Gojek dan Grab Jadi Penentu Inflasi, Jangan Asal Naikkan Tarif Ojol

Demo driver ojek online.
Sumber :
  • VIVA/Muhamad Solihin

VIVA – Peneliti The Indonesian Institute, Muhamad Rifki Fadilah, meminta pemerintah untuk tidak menaikkan tarif ojek online (ojol) karena berpotensi menyumbangkan inflasi terbesar. Hal ini berdasarkan keputusan Badan Pusat Statistik (BPS) memasukkan Gojek dan Grab sebagai komponen baru penentu tingkat inflasi di Indonesia.

Menurutnya, alasan kedua aplikasi transportasi online itu dimasukkan ke dalam komponen baru indeks harga konsumen (consumer price index/CPI) lantaran pertumbuhannya yang signifikan.

"Kalau Gojek dan Grab jadi penentu inflasi, maka dengan adanya kenaikan tarif ojol otomatis jangka panjangnya akan mendongkrak kenaikan angka inflasi," kata dia kepada VIVA, Jumat, 7 Februari 2020.

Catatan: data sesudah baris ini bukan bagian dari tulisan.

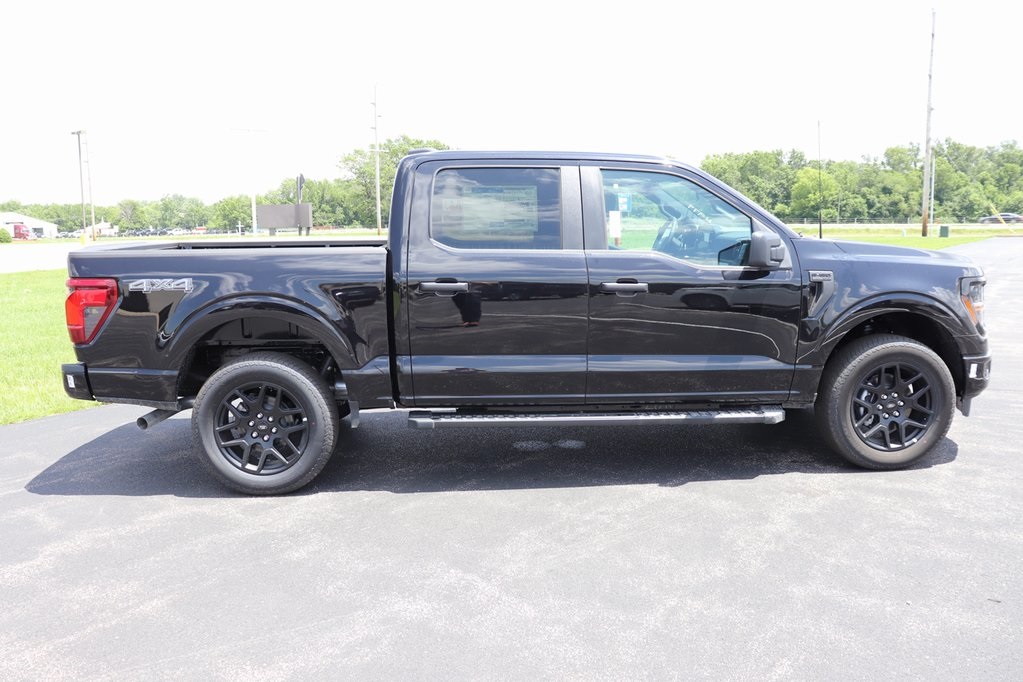 2025 Ford F-150 STX photo 6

Rifki menilai bahwa saat ini persoalannya adalah tarif ojol dituntut naik setiap tiga bulan. Artinya, pada periode itu pula transportasi online akan terus menyumbang inflasi. Ke depannya, ia justru khawatir pemerintah akan mengintervensi melalui pemberian subsidi.

"Saya sih berharapnya jangan (naik tarif ojek online). Sebab, nanti malah jadi penyumbang inflasi terbesar. Saya juga takut kalau pemerintah harus intervensi lagi untuk mensubsidi mereka," tuturnya.

Ia melanjutkan, apabila terus menyumbangkan inflasi maka penumpang atau konsumen akan dirugikan karena semakin tergerusnya daya beli. Dampaknya juga kurang baik untuk negara karena jika inflasinya tinggi akan mengganggu stabilitas ekonomi maupun politik.

Selain Gojek dan Grab, BPS juga memasukkan sejumlah komoditas baru lainnya seperti aksesoris ponsel, powerbank, dan jasa penitipan anak. Bukan itu saja, BPS menambah 8 kota baru dalam perhitungan inflasi mulai tahun ini.

Hingga kini ada 90 pemerintah daerah (pemda) yang masuk dalam perhitungan inflasi yang terdiri dari 34 ibu kota provinsi dan 56 kabupaten/kota.

Sebelumnya, Kementerian Perhubungan menyatakan bahwa dalam pembahasan kenaikan tarif ojek online, hanya zona Jabodetabek saja yang akan mengalami kenaikan.

Sedangkan daerah lainnya tidak akan dinaikkan. Menurut Direktur Jenderal Perhubungan Darat Kementerian Perhubungan Budi Setiyadi, tarif ojol di daerah lain masih layak dan belum perlu dinaikkan.

"Nampaknya yang butuh kenaikan hanya Jabodetabek. Untuk daerah enggak. Tarif mereka nampaknya masih feasible," ungkapnya.